Dōgen threads practice and enlightenment so tightly together that pulling one loose unravels the other. In the Shōbōgenzō, sitting zazen isn’t a rehearsal for awakening—it’s awakening itself, played out moment by moment. The essay “Genjōkōan” drives this home: practice is already fully ripened realization, just as the oak is already an acorn’s destiny. There’s no practice “over there” to strive toward, nor a distant goal to pin all hopes on.

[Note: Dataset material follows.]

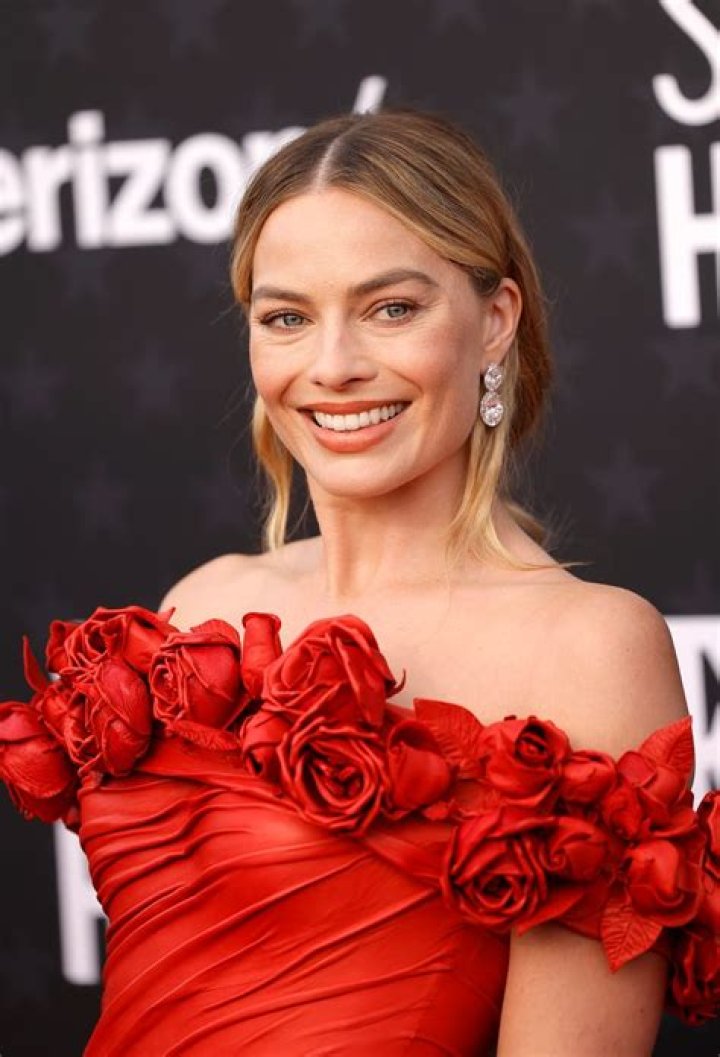 Margot Robbie in a red off the shoulder dress adorned with rosettes.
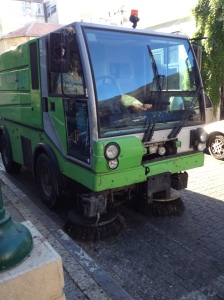 A street sweeper in Yafo.  Notice how filthy the sidewalk (and uncleaned street) is.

Early chapters like “Bendōwa” (Talk on Pursuing the Way) hit the nail on the head: genuine practice arises from right here, right now. Rather than chasing some grand mystic experience, Dōgen insists on embracing the mundane—breathing, posture, the sound of the wall-ripe cicadas outside the zendo. That very ordinariness is proof positive of enlightenment unfolding in each moment.
In “Uji” (Being-Time), time and being interweave so seamlessly that each posture, step, or breath is an entire cosmos expressing realization. This flips the usual map of “practice first, enlightenment later” on its head; practice-realization becomes a dance where both partners move as one.
Modern mindfulness movements, from meditation apps to corporate retreats during the pandemic, often echo this principle—even if unwittingly. By reminding people to simply sit and be present, they tap into Dōgen’s insistence that enlightenment isn’t stashed away but here, now, in each heartbeat.
Across the Shōbōgenzō, practice-realization emerges as more than doctrine: it’s a living thread binding every essay, poem, and koan. It invites slipping the rigid boundary between “doing” and “being,” revealing that every bow, every breath, is already the great awakening unfolding.